Metabolic-associated fatty liver disease (MASLD), a condition impacting roughly 30% of individuals globally, has long lacked effective and targeted therapeutic options. However, recent groundbreaking research has pinpointed a crucial genetic factor that exacerbates this condition. Even more surprisingly, the most effective strategy to target this factor appears to be a widely available and already approved treatment: vitamin B3 (niacin).
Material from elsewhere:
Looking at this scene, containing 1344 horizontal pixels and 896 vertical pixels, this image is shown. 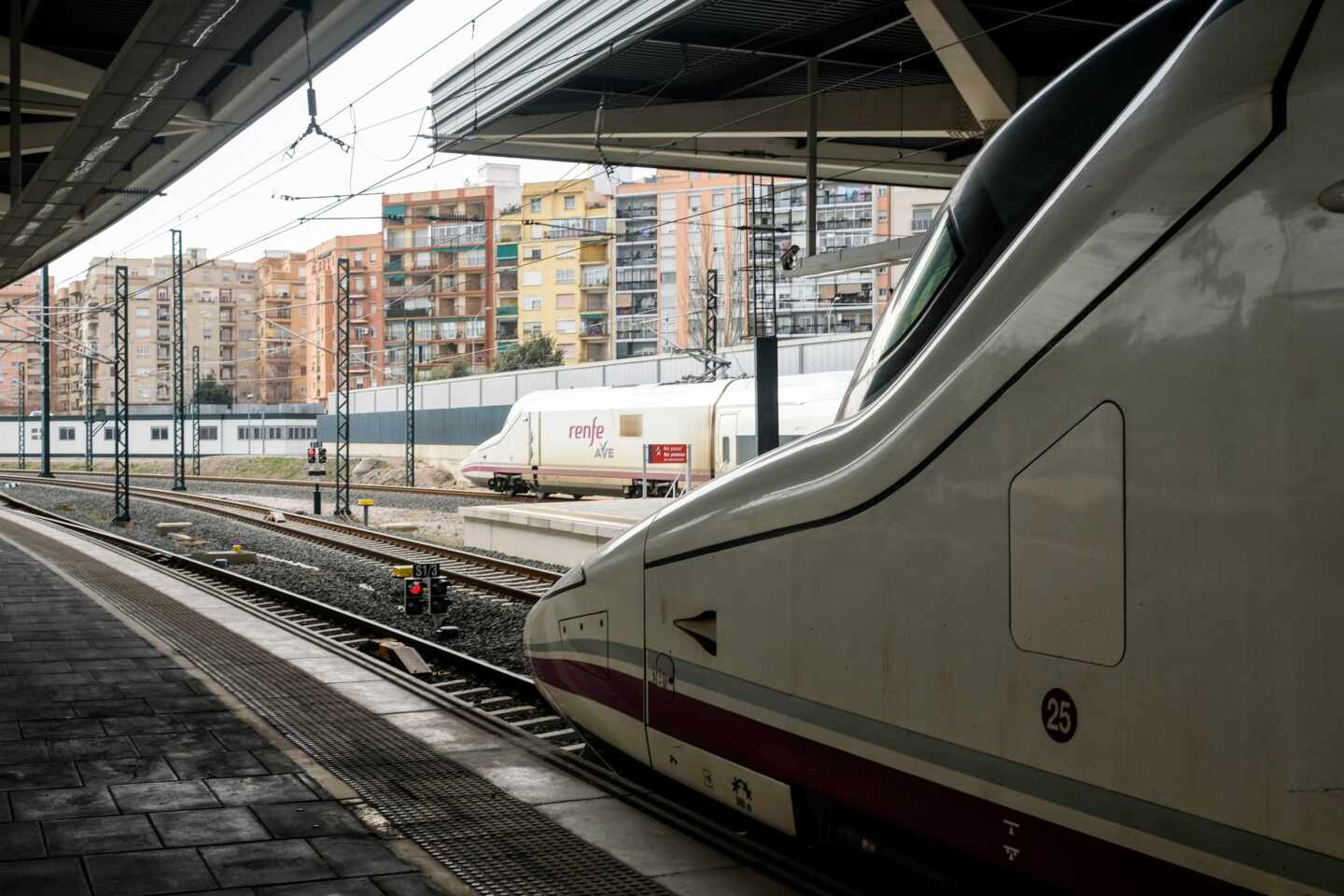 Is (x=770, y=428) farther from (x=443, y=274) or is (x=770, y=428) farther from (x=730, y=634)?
(x=443, y=274)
MicroRNA-93 Identified as a Central Regulator
An international research collaboration, led by Professor Jang Hyun Choi at UNIST, in conjunction with Professor Hwayoung Yun at Pusan National University and Professor Neung Hwa Park at Ulsan University Hospital, has pinpointed microRNA-93 (miR-93) as a pivotal regulator in MASLD. This discovery marks the first time this specific molecule has been clearly linked to the development and progression of the disease.
How miR-93 Disrupts Liver Function
MiR-93 is a tiny RNA molecule found within liver cells that controls the activity of certain genes. Researchers observed unusually high levels of miR-93 in both human patients with fatty liver disease and in animal models. Their analysis revealed that elevated miR-93 promotes fat accumulation, inflammation, and scarring in the liver by suppressing SIRT1, a vital gene involved in managing fat metabolism inside liver cells.
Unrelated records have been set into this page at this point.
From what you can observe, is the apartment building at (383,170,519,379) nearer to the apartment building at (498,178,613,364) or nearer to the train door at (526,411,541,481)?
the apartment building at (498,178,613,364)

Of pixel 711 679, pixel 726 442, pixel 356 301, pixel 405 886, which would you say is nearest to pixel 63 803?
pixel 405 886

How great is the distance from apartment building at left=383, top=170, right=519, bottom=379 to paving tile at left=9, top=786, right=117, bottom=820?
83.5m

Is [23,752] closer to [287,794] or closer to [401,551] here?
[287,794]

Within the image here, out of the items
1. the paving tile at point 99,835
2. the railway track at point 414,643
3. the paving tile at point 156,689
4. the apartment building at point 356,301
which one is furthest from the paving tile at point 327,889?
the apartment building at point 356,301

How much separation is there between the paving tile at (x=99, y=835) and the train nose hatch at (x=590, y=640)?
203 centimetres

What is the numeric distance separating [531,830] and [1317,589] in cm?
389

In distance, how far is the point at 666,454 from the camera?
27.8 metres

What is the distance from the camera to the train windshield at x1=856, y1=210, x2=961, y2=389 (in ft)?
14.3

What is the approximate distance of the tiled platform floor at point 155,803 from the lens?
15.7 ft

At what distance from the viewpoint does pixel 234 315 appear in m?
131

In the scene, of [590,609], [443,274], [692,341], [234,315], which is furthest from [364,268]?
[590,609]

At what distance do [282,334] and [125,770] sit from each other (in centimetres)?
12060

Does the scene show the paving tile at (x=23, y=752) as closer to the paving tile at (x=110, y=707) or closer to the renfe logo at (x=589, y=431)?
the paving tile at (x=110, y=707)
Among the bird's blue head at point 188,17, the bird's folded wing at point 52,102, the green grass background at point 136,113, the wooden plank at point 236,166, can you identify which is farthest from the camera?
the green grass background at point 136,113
To further understand its functional role, the team utilized gene editing techniques to halt miR-93 production in mice. These genetically modified animals exhibited significantly less fat accumulation in the liver, alongside improved insulin sensitivity and enhanced overall liver function. Conversely, mice engineered to produce excessive amounts of miR-93 developed more severe metabolic issues within their livers.
Vitamin B3 Shows Promise as a Therapeutic Agent
Following these insights, the researchers screened 150 FDA-approved drugs to identify any that could reduce miR-93 levels. Niacin, also known as vitamin B3, emerged as the most effective candidate. In mice treated with niacin, miR-93 levels sharply declined, while SIRT1 activity increased. This favorable shift helped to restore normal fat-processing pathways in the liver and improved the overall balance of lipids.
The research team emphasized, “This study precisely elucidates the molecular origin of MASLD and demonstrates the potential for repurposing an already approved vitamin compound to modulate this pathway, which has high translational clinical relevance.” They further added, “Given that niacin is a well-established and safe medication used to treat hyperlipidemia, it holds promise as a candidate for combination therapies targeting miRNA pathways in MASLD.”